### Your assignment
Every line below between the line holding "Used 2018 Ford" and the line holding "鸡棕菌小青菜炒面疙瘩的做法步骤：4", inclusive, should be repeated exactly, and all other lines omitted.

### Data shown
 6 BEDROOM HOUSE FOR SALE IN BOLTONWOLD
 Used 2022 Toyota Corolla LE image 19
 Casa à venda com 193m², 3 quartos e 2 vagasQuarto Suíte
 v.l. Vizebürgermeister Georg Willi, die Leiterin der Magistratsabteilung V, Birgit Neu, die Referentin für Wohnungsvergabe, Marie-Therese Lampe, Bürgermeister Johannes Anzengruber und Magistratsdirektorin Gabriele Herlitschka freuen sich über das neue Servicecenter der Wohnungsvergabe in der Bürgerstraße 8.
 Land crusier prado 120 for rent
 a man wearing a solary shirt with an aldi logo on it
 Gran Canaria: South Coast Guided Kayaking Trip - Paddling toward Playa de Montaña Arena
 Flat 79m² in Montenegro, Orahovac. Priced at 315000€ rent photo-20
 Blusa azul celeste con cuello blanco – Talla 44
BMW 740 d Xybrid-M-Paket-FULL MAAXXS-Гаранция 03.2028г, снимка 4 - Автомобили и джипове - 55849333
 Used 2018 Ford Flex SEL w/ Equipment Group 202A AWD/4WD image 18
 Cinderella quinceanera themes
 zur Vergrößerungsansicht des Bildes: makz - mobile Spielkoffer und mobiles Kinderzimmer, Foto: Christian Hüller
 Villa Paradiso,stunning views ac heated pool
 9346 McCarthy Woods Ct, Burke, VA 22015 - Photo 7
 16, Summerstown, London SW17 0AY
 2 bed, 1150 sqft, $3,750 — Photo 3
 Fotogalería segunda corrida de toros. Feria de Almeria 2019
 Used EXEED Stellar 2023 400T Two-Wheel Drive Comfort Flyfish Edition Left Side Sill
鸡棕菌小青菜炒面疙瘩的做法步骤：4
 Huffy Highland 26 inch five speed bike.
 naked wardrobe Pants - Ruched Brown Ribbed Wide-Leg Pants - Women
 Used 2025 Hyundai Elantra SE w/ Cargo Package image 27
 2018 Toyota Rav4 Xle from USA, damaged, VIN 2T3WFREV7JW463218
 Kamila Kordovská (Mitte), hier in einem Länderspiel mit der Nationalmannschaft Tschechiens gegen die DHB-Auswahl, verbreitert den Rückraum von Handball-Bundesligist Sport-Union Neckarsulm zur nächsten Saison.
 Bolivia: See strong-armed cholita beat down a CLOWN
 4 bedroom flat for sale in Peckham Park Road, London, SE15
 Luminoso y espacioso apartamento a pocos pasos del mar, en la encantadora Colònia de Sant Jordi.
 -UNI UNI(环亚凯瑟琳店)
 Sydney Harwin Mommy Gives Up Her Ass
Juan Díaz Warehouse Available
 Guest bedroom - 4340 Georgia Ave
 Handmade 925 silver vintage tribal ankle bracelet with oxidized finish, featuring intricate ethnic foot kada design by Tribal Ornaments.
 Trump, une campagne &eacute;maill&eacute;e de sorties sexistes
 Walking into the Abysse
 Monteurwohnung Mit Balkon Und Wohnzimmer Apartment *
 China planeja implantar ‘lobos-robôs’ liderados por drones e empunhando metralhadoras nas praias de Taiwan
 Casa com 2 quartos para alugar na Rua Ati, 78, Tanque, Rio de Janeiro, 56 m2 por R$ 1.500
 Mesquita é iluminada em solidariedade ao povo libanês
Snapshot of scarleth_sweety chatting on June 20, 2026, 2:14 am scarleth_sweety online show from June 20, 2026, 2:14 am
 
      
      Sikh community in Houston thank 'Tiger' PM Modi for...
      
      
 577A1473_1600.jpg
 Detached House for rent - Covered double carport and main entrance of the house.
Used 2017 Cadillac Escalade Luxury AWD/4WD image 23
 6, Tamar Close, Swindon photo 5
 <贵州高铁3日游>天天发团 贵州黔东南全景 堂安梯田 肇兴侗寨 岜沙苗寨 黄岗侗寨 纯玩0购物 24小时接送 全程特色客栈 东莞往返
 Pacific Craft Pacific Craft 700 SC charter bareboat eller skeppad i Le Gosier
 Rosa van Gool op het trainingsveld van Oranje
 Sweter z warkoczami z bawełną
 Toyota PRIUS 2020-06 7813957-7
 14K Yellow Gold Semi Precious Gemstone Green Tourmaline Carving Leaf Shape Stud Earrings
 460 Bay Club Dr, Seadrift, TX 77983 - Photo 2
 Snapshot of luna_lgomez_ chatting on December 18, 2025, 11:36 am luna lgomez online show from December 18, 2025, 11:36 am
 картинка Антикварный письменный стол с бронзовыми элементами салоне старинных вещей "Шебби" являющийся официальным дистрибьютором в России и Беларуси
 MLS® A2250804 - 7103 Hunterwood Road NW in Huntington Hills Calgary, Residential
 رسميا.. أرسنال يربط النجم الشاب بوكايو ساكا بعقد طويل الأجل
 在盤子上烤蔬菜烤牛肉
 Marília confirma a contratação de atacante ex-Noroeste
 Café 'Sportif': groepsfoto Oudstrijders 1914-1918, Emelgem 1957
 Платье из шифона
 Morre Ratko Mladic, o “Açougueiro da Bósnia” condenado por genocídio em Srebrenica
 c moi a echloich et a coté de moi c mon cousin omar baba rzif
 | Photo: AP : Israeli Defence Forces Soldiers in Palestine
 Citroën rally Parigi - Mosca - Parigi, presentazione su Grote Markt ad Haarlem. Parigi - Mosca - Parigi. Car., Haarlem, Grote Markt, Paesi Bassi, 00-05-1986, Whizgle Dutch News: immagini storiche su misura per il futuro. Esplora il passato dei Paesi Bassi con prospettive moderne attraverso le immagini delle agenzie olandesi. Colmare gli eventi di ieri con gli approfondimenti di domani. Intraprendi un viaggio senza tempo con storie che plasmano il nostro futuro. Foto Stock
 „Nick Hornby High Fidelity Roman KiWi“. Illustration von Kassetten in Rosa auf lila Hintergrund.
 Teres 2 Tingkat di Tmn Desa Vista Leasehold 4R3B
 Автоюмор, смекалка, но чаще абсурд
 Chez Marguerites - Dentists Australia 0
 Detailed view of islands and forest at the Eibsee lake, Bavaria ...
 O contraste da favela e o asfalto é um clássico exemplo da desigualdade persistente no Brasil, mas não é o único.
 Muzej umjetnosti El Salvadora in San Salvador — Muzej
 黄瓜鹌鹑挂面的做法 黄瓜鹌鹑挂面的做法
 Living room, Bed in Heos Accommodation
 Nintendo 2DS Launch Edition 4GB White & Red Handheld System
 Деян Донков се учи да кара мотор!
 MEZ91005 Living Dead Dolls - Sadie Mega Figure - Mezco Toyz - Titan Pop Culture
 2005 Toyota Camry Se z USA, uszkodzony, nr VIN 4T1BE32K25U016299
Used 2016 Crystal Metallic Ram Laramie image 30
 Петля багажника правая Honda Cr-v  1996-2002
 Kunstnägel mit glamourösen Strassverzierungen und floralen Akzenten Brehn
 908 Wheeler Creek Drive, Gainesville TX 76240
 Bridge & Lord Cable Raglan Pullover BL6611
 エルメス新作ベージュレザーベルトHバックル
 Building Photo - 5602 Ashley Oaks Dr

### Reply to the task
 Used 2018 Ford Flex SEL w/ Equipment Group 202A AWD/4WD image 18
 Cinderella quinceanera themes
 zur Vergrößerungsansicht des Bildes: makz - mobile Spielkoffer und mobiles Kinderzimmer, Foto: Christian Hüller
 Villa Paradiso,stunning views ac heated pool
 9346 McCarthy Woods Ct, Burke, VA 22015 - Photo 7
 16, Summerstown, London SW17 0AY
 2 bed, 1150 sqft, $3,750 — Photo 3
 Fotogalería segunda corrida de toros. Feria de Almeria 2019
 Used EXEED Stellar 2023 400T Two-Wheel Drive Comfort Flyfish Edition Left Side Sill
鸡棕菌小青菜炒面疙瘩的做法步骤：4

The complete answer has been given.